Nobel economist speaker Finn Kydland is best known for two foundational contributions. First, with Prescott, he demonstrated that the effectiveness of economic policy hinges not only on its design but on its credibility over time — the so-called “time consistency” problem. Their 1977 paper, Rules Rather than Discretion, showed that discretionary policymakers who deviate from announced plans erode trust and ultimately worsen economic outcomes. This insight directly underpinned the global movement toward independent central banking in countries including the United Kingdom, Sweden, and New Zealand. Second, their real business cycle framework integrated growth theory with cycle dynamics, reshaping macroeconomic modeling at its core. More than 50 published papers, two of which have been cited over 1,500 times each, document the breadth of this influence.

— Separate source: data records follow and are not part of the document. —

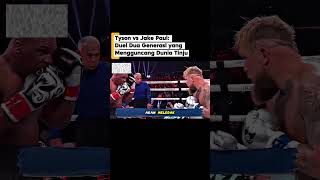 Tyson vs Jake Paul: Duel Dua Generasi yang Mengguncang Dunia Tinju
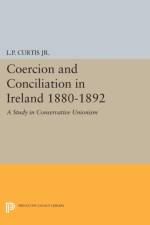 Coercion and Conciliation in Ireland 1880-1892 af Lewis Perry Curtis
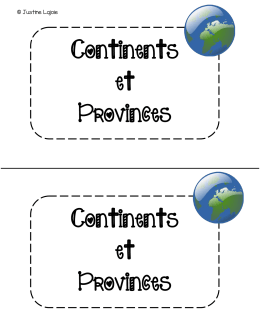 Continents et Provinces Continents et Provinces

In 2004, the Sveriges Riksbank Prize in Economic Sciences was awarded jointly to Kydland and Prescott “for their contributions to dynamic macroeconomics: the time consistency of economic policy and the driving forces behind business cycles.” The Royal Swedish Academy of Sciences described their work as contributions of fundamental significance to macroeconomic research. Beyond the Nobel, Kydland has received the John Stauffer National Fellowship in Public Policy from the Hoover Institution and holds membership in the Norwegian Academy of Science and Letters. He also directs the Laboratory for Aggregate Economics and Finance (LAEF) at UC Santa Barbara and serves as a Research Associate for the Federal Reserve Banks of Dallas and St. Louis.

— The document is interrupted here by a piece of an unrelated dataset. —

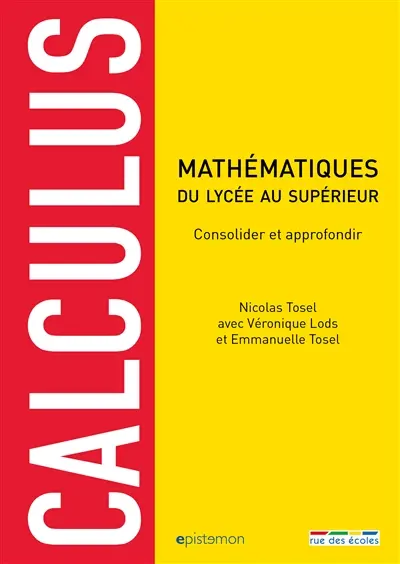 Calculus : mathématiques du lycée au supérieur : consolider et approfondir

As a economics speaker, Finn Kydland translates decades of frontier research into frameworks that matter to decision-makers: how institutions can commit to sound policy, what history teaches us about fiscal and monetary discipline, and what drives economies into cycles of boom and recession. Senior audiences — from central bank governors to corporate boards — value his ability to ground complex macroeconomic dynamics in clear principles, evidence-based arguments, and comparative country insights drawn from his work on economies ranging from Argentina to Ireland.
When governments and central banks deviate from announced plans, they don't just make a bad decision — they destroy the institutional credibility that makes future policy effective. Drawing from his Nobel Prize-winning research, Kydland explains the mechanics of the time consistency problem, why discretionary economic policy so reliably underperforms, and what institutional design — from independent central banks to constitutional rules — can do to lock in long-term gains. A foundational talk for leaders in finance, government, and economic policy.
Kydland dismantles common assumptions about what causes economic fluctuations, presenting the evidence that real factors — technology shifts, productivity dynamics, and structural shocks — play a more decisive role than many policymakers acknowledge. He walks audiences through the real business cycle framework that transformed macroeconomics, connecting decades of academic research to the patterns organizations and governments actually observe. Attendees leave with a more rigorous mental model for reading economic conditions and stress-testing strategic decisions.
Using two countries that took dramatically different paths — one toward sustained growth, one toward repeated crisis — Kydland examines what policy choices actually look like when played out over decades. This comparative lens makes abstract macroeconomic principles concrete and actionable, drawing clear lessons about fiscal discipline, structural reform, productivity investment, and the institutional conditions that allow economies to recover and thrive.
Central bank independence is not a technical quirk — it is a direct policy conclusion from economic research. Kydland traces the intellectual journey from his foundational work with Edward Prescott to the institutional reforms it inspired in the UK, New Zealand, Sweden, and beyond. For executive and policy audiences, this talk offers a rigorous, research-grounded perspective on why monetary institutions are designed the way they are, what threatens their effectiveness, and what the consequences of political interference look like in practice.